Babble has been used to mean “to talk excessively” since the mid-13th century at least; the word babliaminy, coined by the English playwright Thomas Middleton, was derived from it in 1608. You can also call an incessant babbler a babelard and a bablatrice.

2. Babble-Merchant

Babble-merchant is an old English slang word that literally means “someone who sells nonsense noise.”

3. Blatherskite

Blatherskite or bletherskate is a 17th-century word, probably originating in Scotland, that combines the verb blether or blather, meaning “to talk incessant nonsense,” and skite or skate, meaning “a sudden quick movement.” Theodore Roosevelt once used it to refer to Mississippi Congressman John Sharp Williams; TR called him a “true old-style Jeffersonian of the barbaric blatherskite variety.”

4. Blatteroon

Derived from blaterare, a Latin word meaning “to chatter” or “babble,” blatteroon or blateroon first appeared in English in the mid-1600s.

5. Bloviator

The word bloviate was popularized by President Warren G. Harding, who probably picked it up from local Ohio slang in the late 19th century; back then, it meant “to spend time idly.” Today, it means “to speak verbosely or long-windedly”­—and someone who does precisely that is a bloviator.

6. Clatteran

As a verb, you can use clatter to mean “to disclose secrets,” or “to chatter or gossip,” and clatteran—alongside clattern and the next word on this list—are all derivatives of that.

7. Clatterfart

According to one Tudor Latin-English dictionary from 1552, a clatterfart is someone who “will disclose any light secret.” In other words, a gossip or a blabbermouth.

8. Clipmalabor

Clipmalabor is an old Scots word for a gossip or a chatterbox, or according to the Scottish National Dictionary, “a senseless silly talker.” It’s a corruption of the earlier Scots word slip-ma-labor, which referred to a lazy slacker or idler who would literally let their work (i.e. their labor) “slip.” Ultimately, its original meaning was probably something along the lines of “someone who gossips while they should be working.”

9. Gashelbike

Gashle is an old dialect word meaning “to twist something out of shape”; bike or beik is an old Scots derogatory term for a person’s mouth.
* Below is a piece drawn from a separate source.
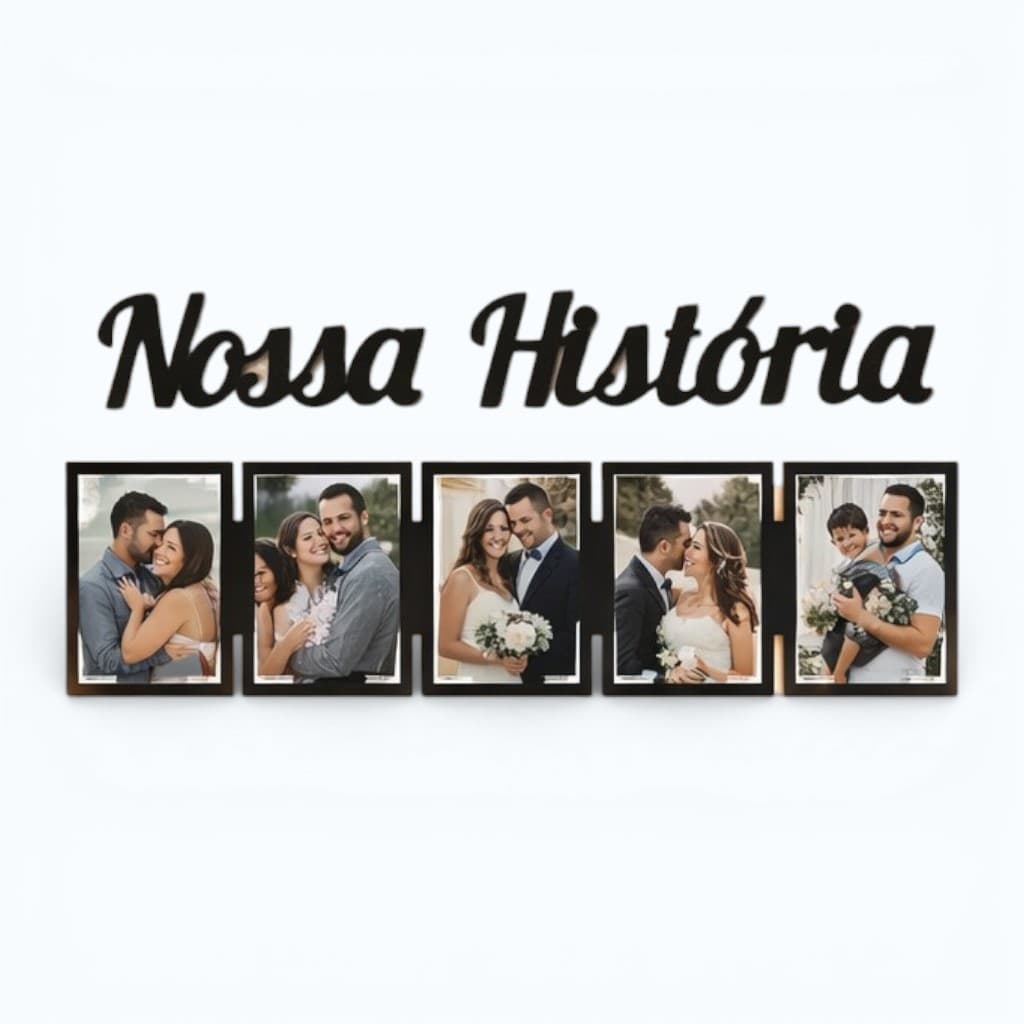 Porta Retrato Nossa História Parede Decorativo 5 Fotos Moldura MDF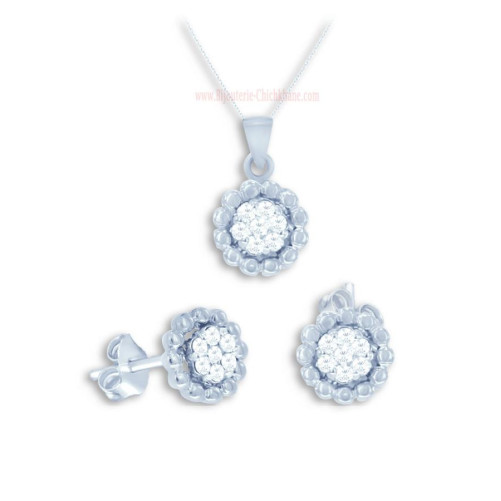 Ensemble femme en Or Blanc 18 Carats Ref MO1549B | Chichkhane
And if you’re twisting your mouth out of shape by incessantly talking, then you’re a gashelbike.

10. Jangler

Long before it came to mean a jingling, clinking noise, the word jangle was used to mean “to talk excessively or noisily,” or “to dispute angrily.” It’s probably derived from an old French word meaning “to jeer” or “grumble,” and so a jangler was probably originally a constant, vocal complainer as much as a chatterer.

11. Jawsmith

Dating back to the 1880s at least, the word jawsmith began life as late 19th-century American slang for a chatterbox, but ultimately it came also to be used to refer to a proficient or professional talker or orator, or a vociferous leader or demagogue.

12. Languager

This word is derived, according to the Oxford English Dictionary, from an old French word, langagier, meaning “to talk abundantly.”

13. Pratepie

Prate has meant “to chatter” since the 15th century, and probably originally referred to the clucking of hens and poultry. The “pie” of pratepie comes from magpie, a bird that, like many other members of the crow family (including jackdaws, jays, and choughs), has long been seen as a proverbially very vocal, garrulous creature.

14. Tongue-Pad

The word tongue-pad first appeared in English in the late 1600s, and was defined in A Dictionary of the Canting Crew in 1699 as “a smooth, glib-tongued, insinuating fellow.” That meaning had changed by the time it was added to Webster’s Dictionary in 1913, which defined it as “a great talker.”

15. Twattle-Basket

What we would now called tittle-tattle was once also known as twittle-twattle in 16th-century English. Twattle-basket is derived from that, and refers to someone full of useless, idle chatter.

A version of this story ran in 2016; it has been updated for 2023.